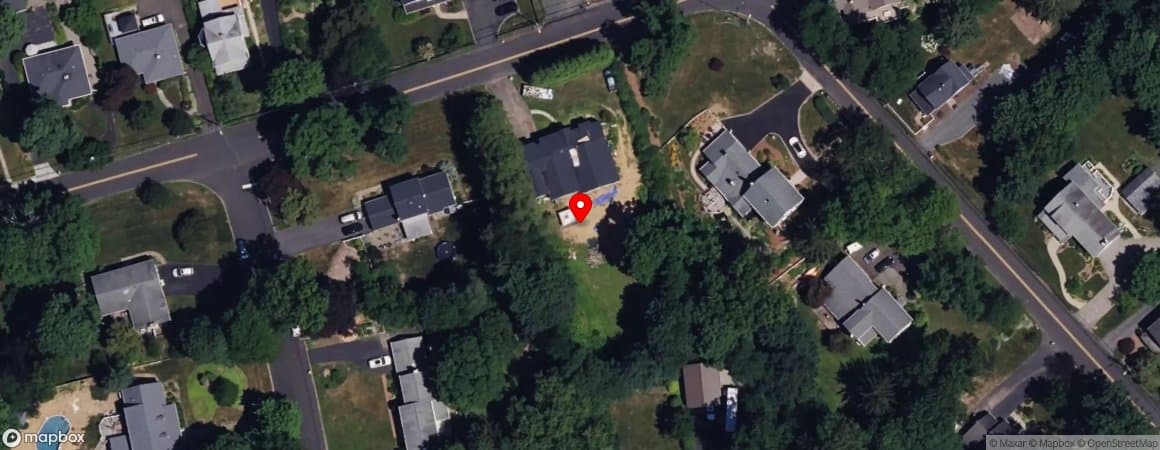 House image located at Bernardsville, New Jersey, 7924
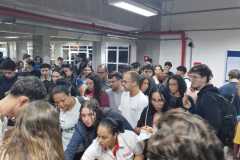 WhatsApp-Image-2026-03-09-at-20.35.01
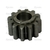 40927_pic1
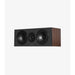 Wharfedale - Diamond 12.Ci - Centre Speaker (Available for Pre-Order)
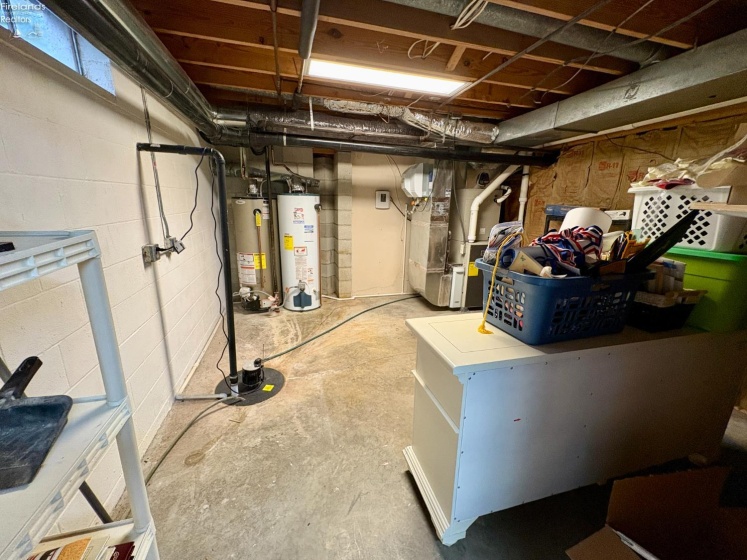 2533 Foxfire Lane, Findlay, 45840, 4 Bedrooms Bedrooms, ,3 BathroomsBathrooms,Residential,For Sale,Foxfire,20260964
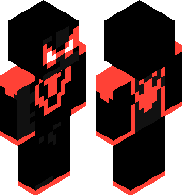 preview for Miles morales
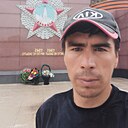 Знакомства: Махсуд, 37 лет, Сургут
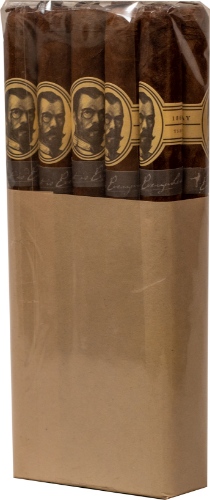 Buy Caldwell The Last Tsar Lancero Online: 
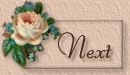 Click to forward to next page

...

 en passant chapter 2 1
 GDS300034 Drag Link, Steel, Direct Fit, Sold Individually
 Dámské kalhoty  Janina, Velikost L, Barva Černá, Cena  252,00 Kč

...

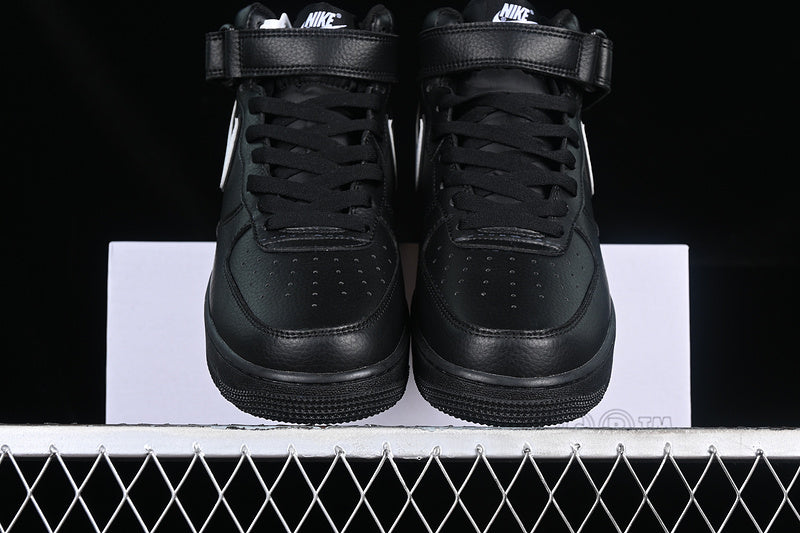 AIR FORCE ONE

*WHAT YOU WILL DO*
Take the material above from the line bearing "House image located" through the line bearing "Click to forward to next page" and write it out exactly, both end lines included. Pictures stay out.

*EXERCISE RESULT*
 House image located at Bernardsville, New Jersey, 7924
 WhatsApp-Image-2026-03-09-at-20.35.01
 40927_pic1
 Wharfedale - Diamond 12.Ci - Centre Speaker (Available for Pre-Order)
 2533 Foxfire Lane, Findlay, 45840, 4 Bedrooms Bedrooms, ,3 BathroomsBathrooms,Residential,For Sale,Foxfire,20260964
 preview for Miles morales
 Знакомства: Махсуд, 37 лет, Сургут
 Buy Caldwell The Last Tsar Lancero Online: 
 Click to forward to next page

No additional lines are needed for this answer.